For Congress to break the filibuster rule, that would be "inconsistent with our nation's history and an affront to our Constitution's structure," the former vice president said.
Democrats, backed by Biden, want to change the filibuster rule so the voting legislation will not need 60 votes to pass. Two Sens. Kyrsten Sinema, D-Ariz., and Joe Manchin, D-W.Va., however, say they will not agree to change the filibuster rule, meaning the Democrats in the 50-50 Senate will not have enough votes.
Pence also argued, if passed, the Democrats' voting legislation will cause voter fraud to "explode."
"States would be forced to adopt universal mail-in ballots, to provide same-day voter registration, online voter registration, easier voter registration through motor vehicle department offices, and a minimum 15 days of early voting," he wrote. "Duplicate voter registration records would abound, states' voter-ID requirements would be dramatically weakened, and anyone, including undocumented people, who simply signed a sworn written statement claiming to be eligible to vote would be permitted to do so."
Pence concluded by invoking the Jan. 6 anniversary and said he calls on his "former colleagues in the Senate to do as you did before: Uphold the right of states to conduct and certify elections.

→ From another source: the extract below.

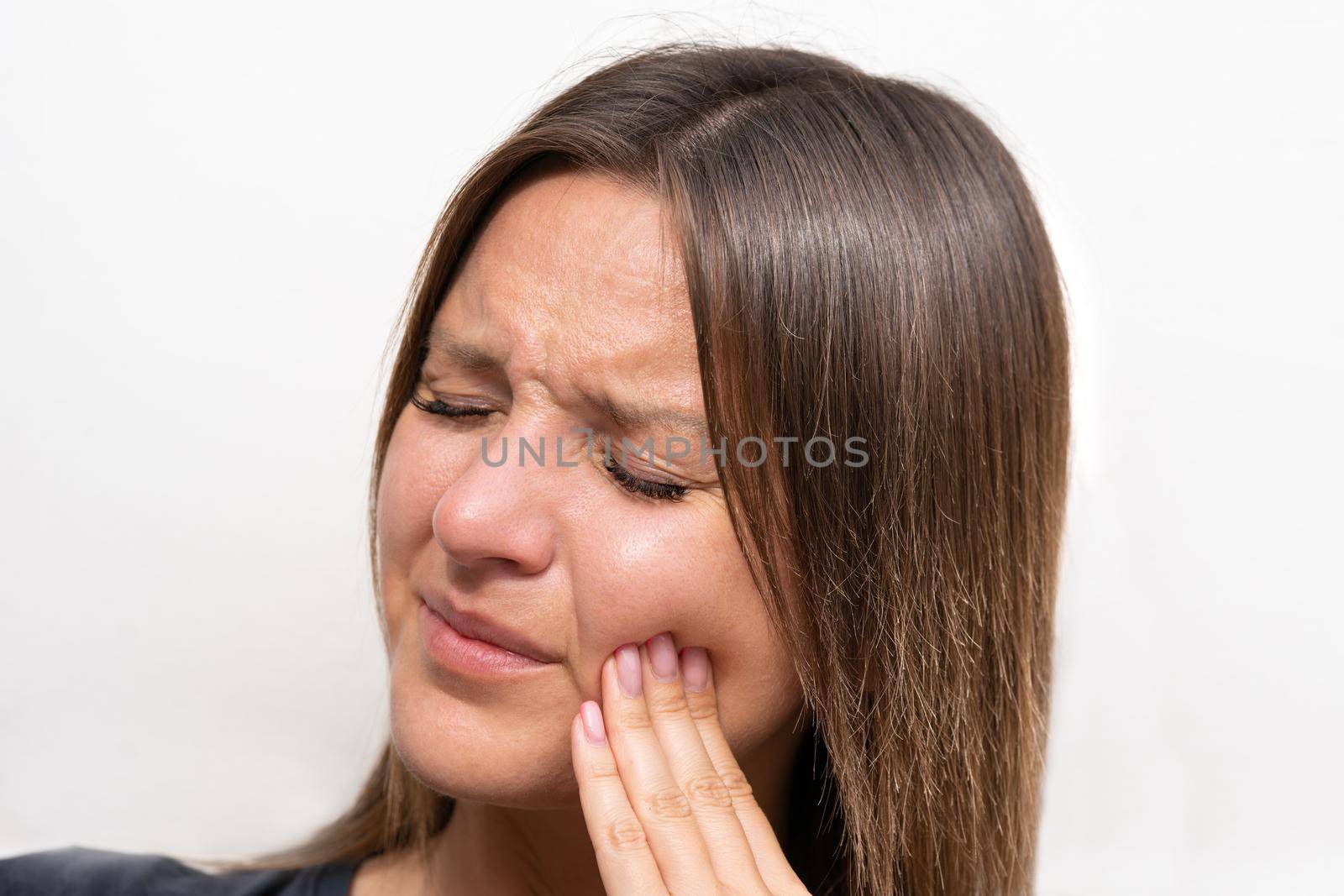 Young woman touching her cheek because of strong tooth pain. Female suffering from toothache. Woman face with painful expression. Teeth problem. High quality photo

Reject this latest attempt to give Washington the power to decide how the United States' elections are run. And keep the oath you made before God and the American people to support and defend the Constitution."
Sen. Marjorie Taylor Greene, R-Ga., argued on Newsmax the congressional debate Jan. 6 was undermined by the storming of the Capitol, because it stopped the constitutional authorityto review the certification of the election – not to "overturn" the election, as Pence claimed in the opinion piece for the Post.
"How did this benefit President Trump in any way?" she told "Greg Kelly Reports" on the one-year anniversary of Jan. 6. "How did a riot, how did a security breach at the Capitol, help him when it stopped Republican members of Congress objecting and being able to go through real evidence of election fraud?
''There was no benefit to President Trump and he had nothing to do with it."